Storage Durability

Imagine you ask your bank to transfer $500. The transfer completes, you get a confirmation — and then the server loses power. Does the money move?

Durability is the guarantee that says yes: once a system says a write is committed, that write will survive any subsequent crash. It is the "D" in ACID, and it is one of the hardest properties to implement efficiently because storage hardware was not designed with software crashes in mind.

The Dangerous Gap: RAM vs Disk

Every write starts in RAM. When your code calls write(), the data lands in the OS page cache — volatile memory that is fast but disappears if the machine loses power or the kernel crashes.

Application
    │  write(fd, data, len)
    ▼
OS Page Cache  ◄── volatile, lost on crash
    │  (eventually, when it feels like it)
    ▼
Storage device ◄── persistent

The OS flushes dirty pages to disk on its own schedule — typically every 5–30 seconds, or when memory pressure demands it. That window is your data loss exposure. Any write acknowledged to the user but not yet flushed is gone if the machine dies.

fsync: The Durability Hammer

fsync(fd) tells the OS: "flush every dirty page for this file to the physical storage device, and don't return until the device confirms the data is stable."

write(fd, data, len);  // lands in page cache
fsync(fd);             // blocks until durable on device
// only NOW is the write safe to acknowledge

This works, but it's slow. fsync must:

Push dirty pages from the page cache to the device driver
Instruct the device to flush its internal write buffer to stable media
Wait for the device to confirm completion

Typical costs:

Device	fsync latency
Consumer SSD (NVMe)	50–200 µs
Enterprise SSD (NVMe, capacitor-backed)	10–50 µs
HDD (spinning, 7200 RPM)	5–20 ms
Cloud block volume (EBS, GCP PD)	1–5 ms (network round trip)

One fsync per transaction limits throughput to ~100 TPS on a spinning disk and ~5,000–20,000 TPS on enterprise NVMe.

The Write-Ahead Log (WAL)

Raw fsync per user write is too expensive.

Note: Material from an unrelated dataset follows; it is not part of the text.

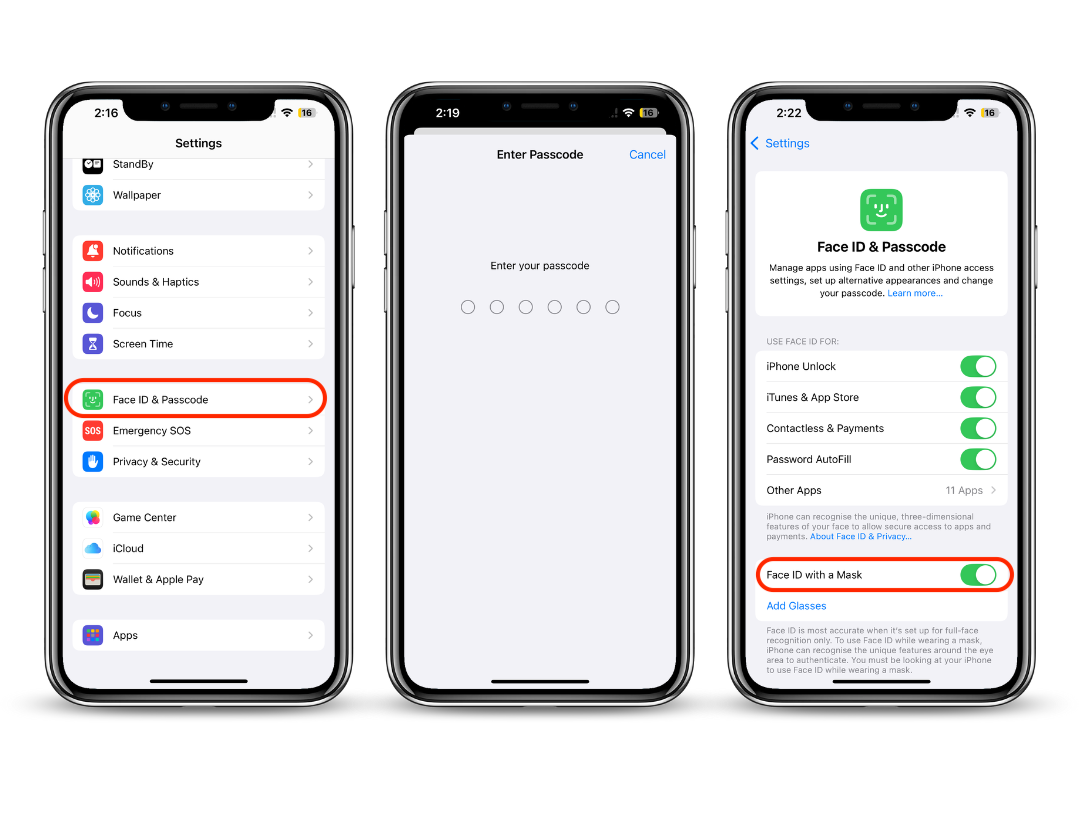 Use Face ID With a Mask Use Face ID With a Mask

Databases solve this with a write-ahead log (WAL): a sequential, append-only file that records every intended change before the change is applied to the main data file.

Client write
    │
    ├─► Append record to WAL ──► fsync WAL ──► acknowledge client
    │
    └─► Apply to in-memory data structures (async, no fsync needed yet)
         │
         └─► Flush to main data file periodically (checkpoint)

Why does WAL help?

Sequential writes are fast: appending to a log avoids random I/O, which is catastrophic for HDDs and still meaningful for SSDs (write amplification).
Single fsync per batch: the WAL is flushed once; the main data files can be written lazily.
Crash recovery: on restart, replay any WAL records that weren't checkpointed. The main data file might be partially written, but the WAL is the source of truth.

PostgreSQL calls this WAL. MySQL/InnoDB calls it the redo log. RocksDB calls it the Write-Ahead Log. SQLite calls it the journal.

Group Commit

Fsyncing once per transaction is still expensive if you have thousands of concurrent writers. Group commit batches multiple transactions into a single fsync:

T1 write ──┐
T2 write ──┼──► accumulate in buffer ──► single fsync ──► notify T1, T2, T3
T3 write ──┘

PostgreSQL's synchronous_commit and InnoDB's innodb_flush_log_at_trx_commit both expose group commit tuning. A 10 ms group commit window can turn 100 TPS (serial fsync) into 10,000 TPS with the same disk.

Hardware Write Caches and the Lie Underneath

Storage devices have their own DRAM write cache. Without special care, a device may report "write complete" before the data reaches stable media. This is called a volatile write cache.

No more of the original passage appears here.